For the current review workflow family, that would be wrong:
- `lfg` should run review in `mode:autonomous`
- `slfg` should run review in `mode:report-only` during its parallel review/browser phase
Without those caller changes, promotion would keep the skill name stable while changing its contract, which is exactly the kind of boundary drift that tends to escape manual review.
## Solution
Treat promotion as an orchestration contract change, not a file rename.
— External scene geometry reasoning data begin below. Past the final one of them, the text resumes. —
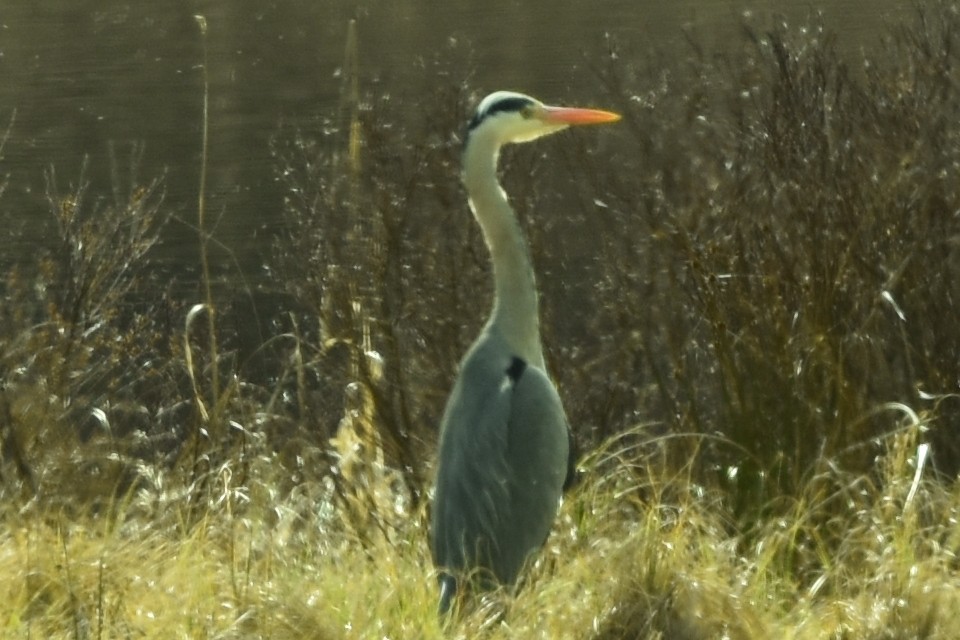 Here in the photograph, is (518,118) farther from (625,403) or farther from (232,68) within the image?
(232,68)

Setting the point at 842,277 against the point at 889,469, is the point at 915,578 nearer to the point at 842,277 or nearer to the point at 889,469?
the point at 889,469

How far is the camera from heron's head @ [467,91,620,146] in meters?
4.68

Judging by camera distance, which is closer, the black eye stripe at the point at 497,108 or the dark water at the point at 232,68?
the black eye stripe at the point at 497,108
When promoting `ce:review-beta` to stable:
1. Replace stable `ce:review` with the promoted content
2. Update every workflow that invokes `ce:review` in the same PR
3. Hardcode the intended mode at each callsite instead of relying on the default
4. Add or update contract tests so the orchestration assumptions are executable
For the review workflow family, the expected caller contract is:
- `lfg` -> `ce:review mode:autonomous`
- `slfg` parallel phase -> `ce:review mode:report-only`
- any mutating review step in `slfg` must happen later, sequentially, or in an isolated checkout/worktree
## Why This Lives Here
This is not a good `AGENTS.md` note:
- it is specific to one beta-to-stable promotion
- it is easy for a temporary repo-global reminder to become stale
- future planning and review work is more likely to search `docs/solutions/skill-design/` than to rediscover an old ad hoc note in `AGENTS.md`
The durable memory should live with the other skill-design rollout patterns.
## Prevention
- When a beta skill changes invocation semantics, its promotion plan must include caller updates as a first-class implementation unit
- Promotion PRs should be atomic: promote the skill and update orchestrators in the same branch
- Add contract coverage for the promoted callsites so future refactors cannot silently drop required mode flags
- Do not rely on “remembering later” for orchestration mode changes; encode them in docs, plans, and tests
## Lifecycle Note
This note is intentionally tied to the `ce:review-beta` -> `ce:review` promotion window.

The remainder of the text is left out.